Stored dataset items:
+ + + + + + +
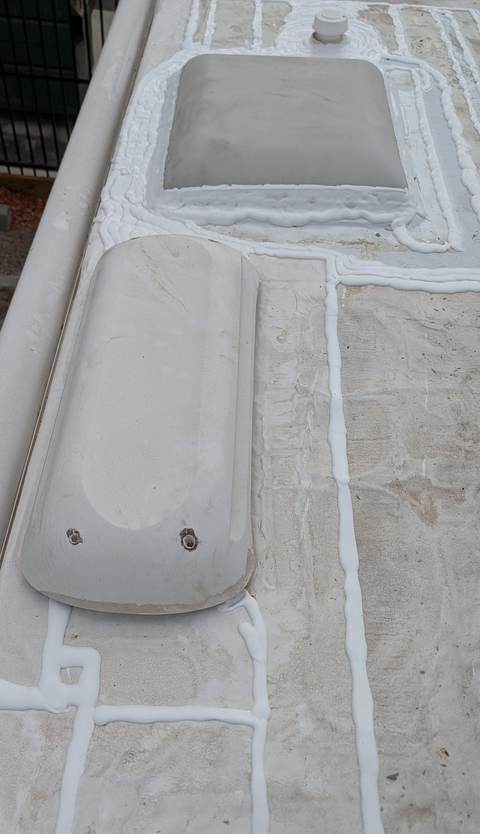 RV roof vent and seam sealant application
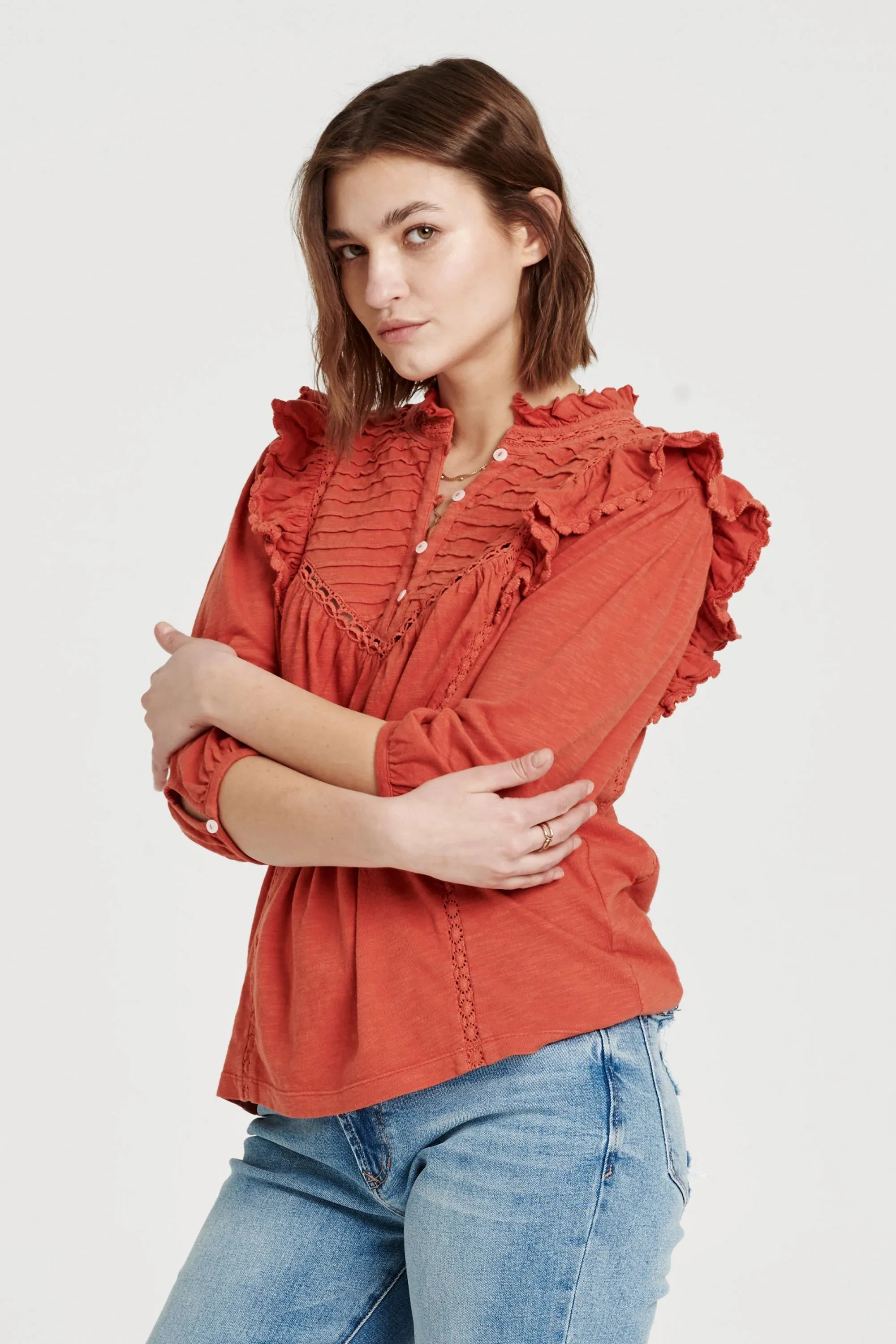 Kendall Pleated Yoke Top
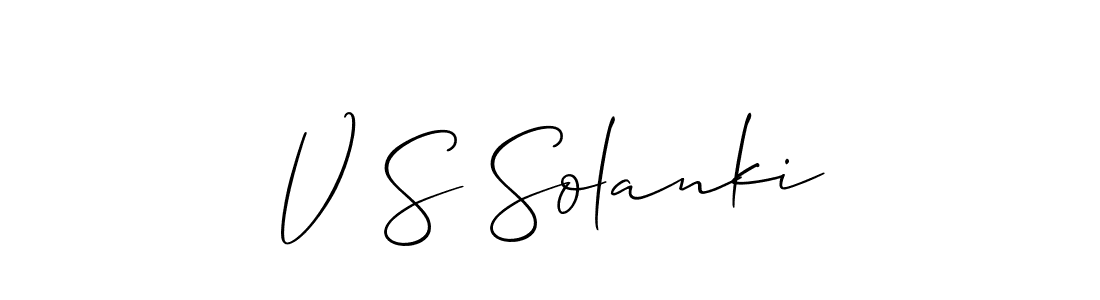 Also we have V S Solanki name is the best signature style. Create professional handwritten signature collection using Allison_Script autograph style. V S Solanki signature style 2 images and pictures png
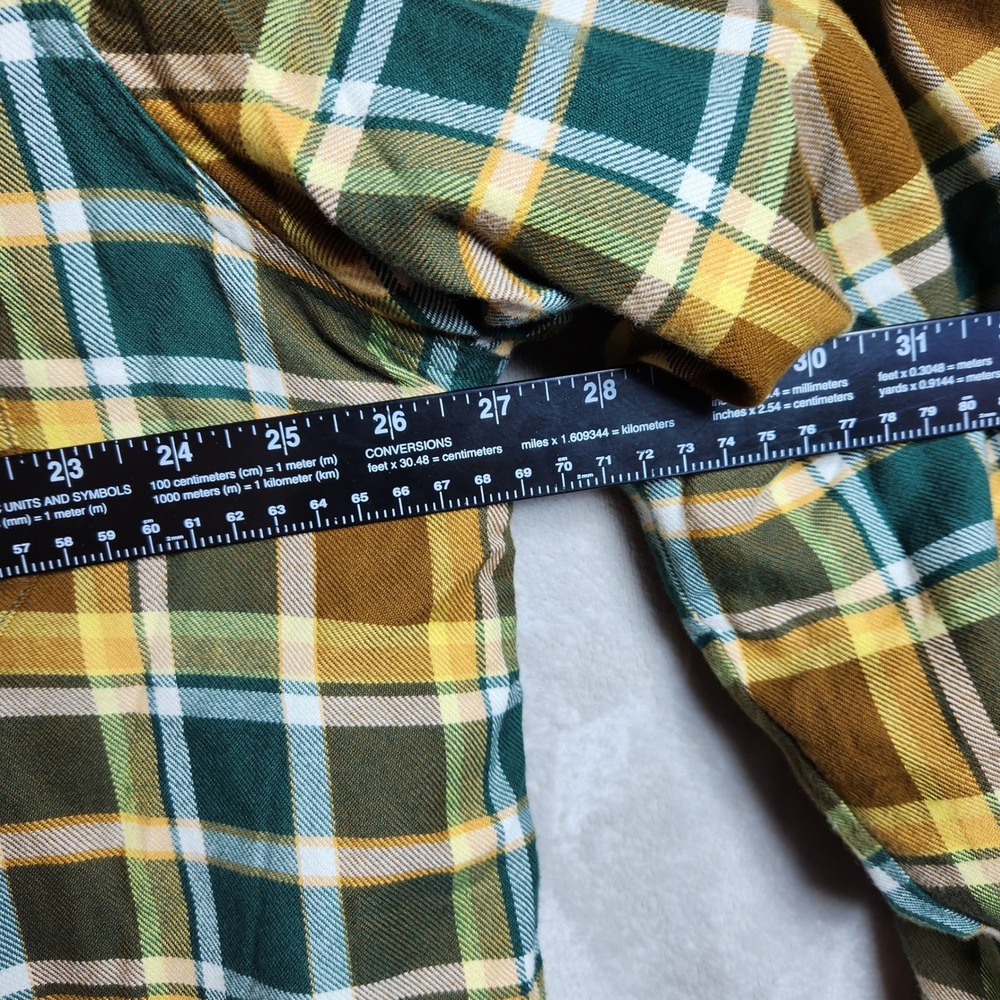 LL Bean Fleece Lined Flannel Shirt Mens XXL Allspice Plaid Snap Front Fitted NEW - Picture 9 of 10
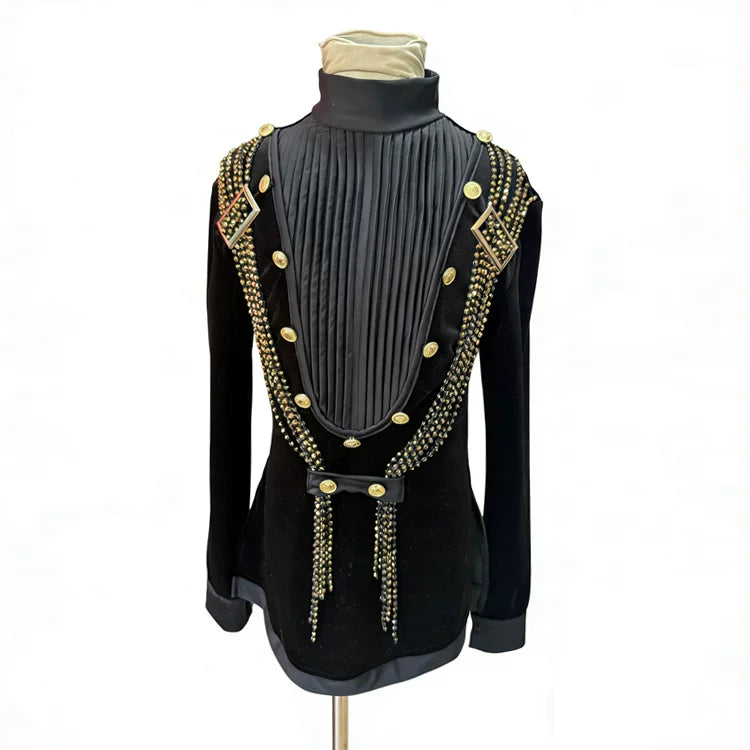 Custom Men's Juvenile Competiiton Velvet Latin Dance Shirt Rhinestone Chain Ballroom Top
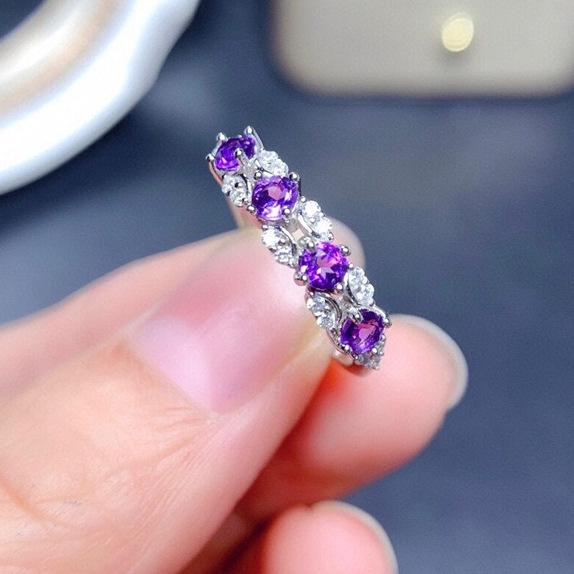 

Открытое кольцо с аметистом - Элегантная модная бижутерия для женщин Adjustable Open Ring [Up and Down Overlapping]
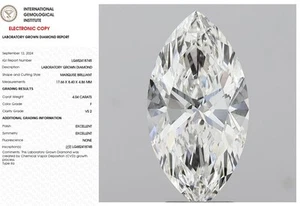 4.04 Marquise Lab Grown Diamond For Engagement Wedding Ring IGI Certify F VS2 - Picture 1 of 10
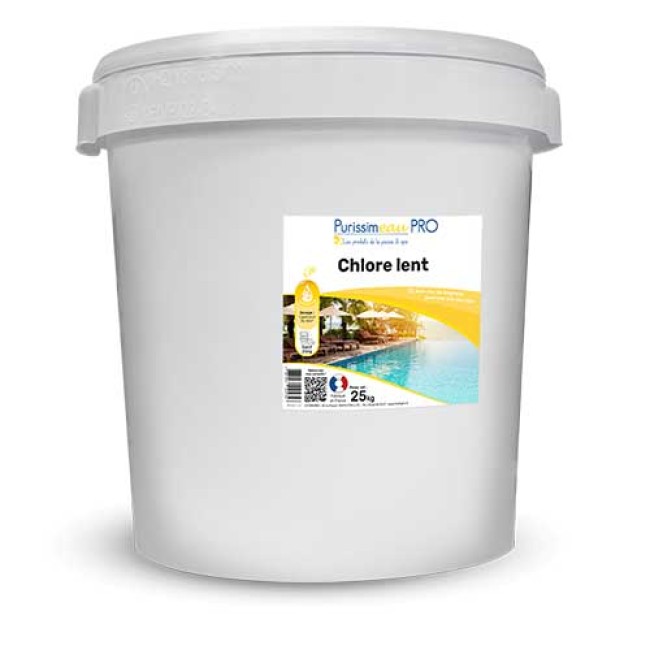 Purissimeau CHLORE LENT galet 250gr 25KG- Désinfection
+ + + + + + +
Skip the pictures and quote each line of the entries above, from the first through the line with "Also we have", exactly as it appears.

 RV roof vent and seam sealant application
 Kendall Pleated Yoke Top
 Also we have V S Solanki name is the best signature style. Create professional handwritten signature collection using Allison_Script autograph style. V S Solanki signature style 2 images and pictures png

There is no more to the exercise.